Supawan Thomas, like anyone that grew up northern Thailand’s Isan region, likes her food hot and sour, not least when it comes to som tum, Thailand’s famous – and famously hot – salad of shredded green papaya.

Yet as the face and owner of Katanning’s popular Wan’s Aussie Thai restaurant, her demeanour is cool and sweet. Rather than bombard customers with chilli and spice, the warmth is, instead, in Thomas’s welcome and easy smile.

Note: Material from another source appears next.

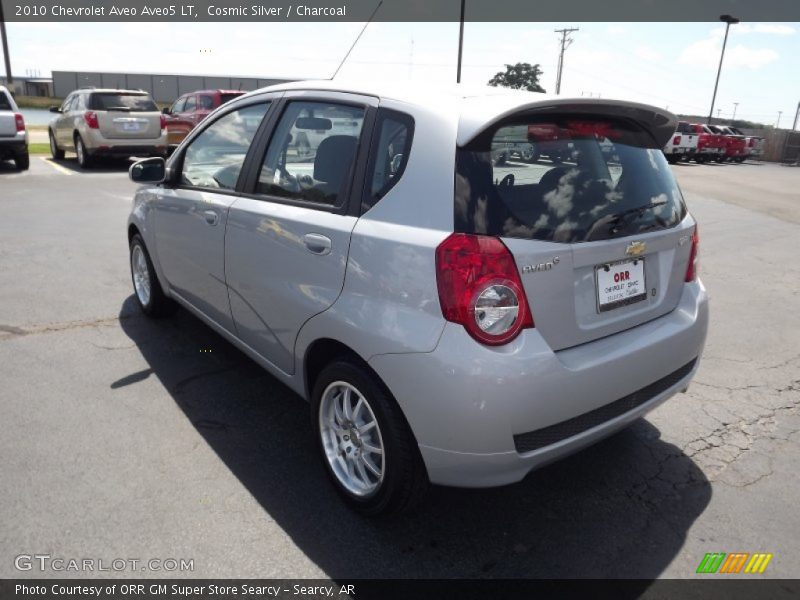 Cosmic Silver / Charcoal 2010 Chevrolet Aveo Aveo5 LT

But if guests like it hot, she’ll happily oblige.

“When I cook for new customers, I ask them if they want me to cook Aussie or Thai,” says Thomas.

Wan's Thai and Aussie restaurant

While purists may balk at such fluid notions of “authentic” Thai cooking, Thomas’s approach says as much about her story as it does that of Katanning and a well-founded reputation as one of Australia’s most multicultural communities.

Born in the major Northern Thai city of Udon Thani, Thomas was taught by the rest of her family how to cook home-style dishes. After relocating to Katanning in 2007 for love, she parlayed these skills into a business, initially as a mobile food caravan before setting up a permanent shop in 2020.

 While Thomas might enjoy food with lots of oomph – in addition to deploying plenty of chilli, Isan food also leans heavily on the unfiltered, funky fish sauce known as pla ra – the cooking at Wan’s Aussie Thai borrows liberally from the Bangkok and Central Thai kitchen playbook. Sugar and lime provide sweetness and acidity while Thomas reaches for the coconut cream more often than she would back at home. (The climate in northern Thailand is too cold for coconuts to grow.)

The result? A crowd-pleasing mix of Thai favourites running from creamy tom yum soups and hefty pad thai noodles to puffy Thai-style omelettes. Factor in other broadly “Asian” dishes – think meat and veg stir-fries, Japanese-style omurice starring fried rice wrapped in omelette, plus bubble tea – and it’s not hard to understand why such a broad church congregates at Wan’s.

Wan's Thai and Aussie restaurant

One afternoon while eating an early dinner, a Fijian family comes in to dine. As I finish, some tradies barrel through to grab some takeaway. Although the menu is built for mass appeal, Thomas can, if ingredients and time allow, prepare classic Isan dishes. Tom sarb is a zippy, sour soup fizzing with bright makrut leaf acidity while larb is a gutsy minced meat salad crunched up with toasted glutinous rice powder. If you’re in luck, she’ll have the ingredients on hand to make that aforementioned som tum too.  

In addition to cooking for guests, Wan’s also caters for those that want to cook for themselves with the front of the store doubling as a small Asian grocery store. Not only does she stock Thai products, she also carries items from Indonesia, Korea and other parts of Asia. It’s yet another way that Thomas is looking out for the good people of Katanning.